Qaddafi was named commander in chief of the armed forces and chairman of the Revolutionary Command Council, Libya’s new ruling body.
From 1974 onward Qaddafi espoused a form of Islamic socialism as expressed in The Green Book.
This combined the nationalization of many economic sectors with a brand of populist government ostensibly operating through people’s congresses, labour unions, and other mass organizations.
Meanwhile, Qaddafi was becoming known for his erratic and unpredictable behaviour on the international scene.

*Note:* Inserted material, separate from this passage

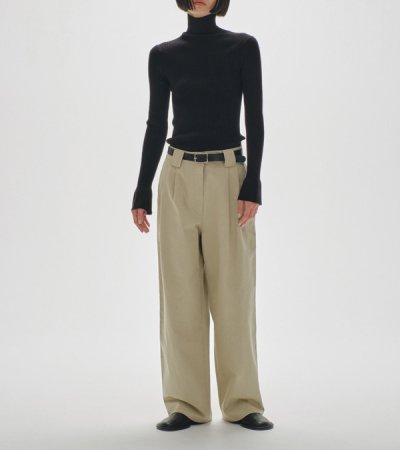 画像5: バックルレザーベルト　Backle Leather Belt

His government financed a broad spectrum of revolutionary or terrorist groups worldwide, including the Black Panthers and the Nation of Islam in the United States and the Irish Republican Army in Northern Ireland.
Libya’s purported involvement in the destruction of a civilian airliner in 1988 over Lockerbie, Scotland, led to United Nations (UN) and U.S. sanctions that further isolated Qaddafi from the international community.
In the late 1990s, however, Qaddafi turned over the alleged perpetrators of the bombing to international authorities.
UN sanctions against Libya were subsequently lifted in 2003, and, following Qaddafi’s announcement that Libya would cease its unconventional-weapons program; the United States dropped most of its sanctions as well.
Although some observers remained critical, these measures provided an opportunity for the rehabilitation of Qaddafi’s image abroad and facilitated his country’s gradual return to the global community.
In August 2011 Qaddafi’s hold on power appeared to break when rebel forces entered Tripoli and took control of most areas of the city.
Rebel fighters achieved a major symbolic victory on August 23 when they captured the Bāb al-ʿAzīziyyah compound, Qaddafi’s headquarters in Tripoli.
Jubilant crowds ransacked the compound, destroying symbols of the Qaddafi regime.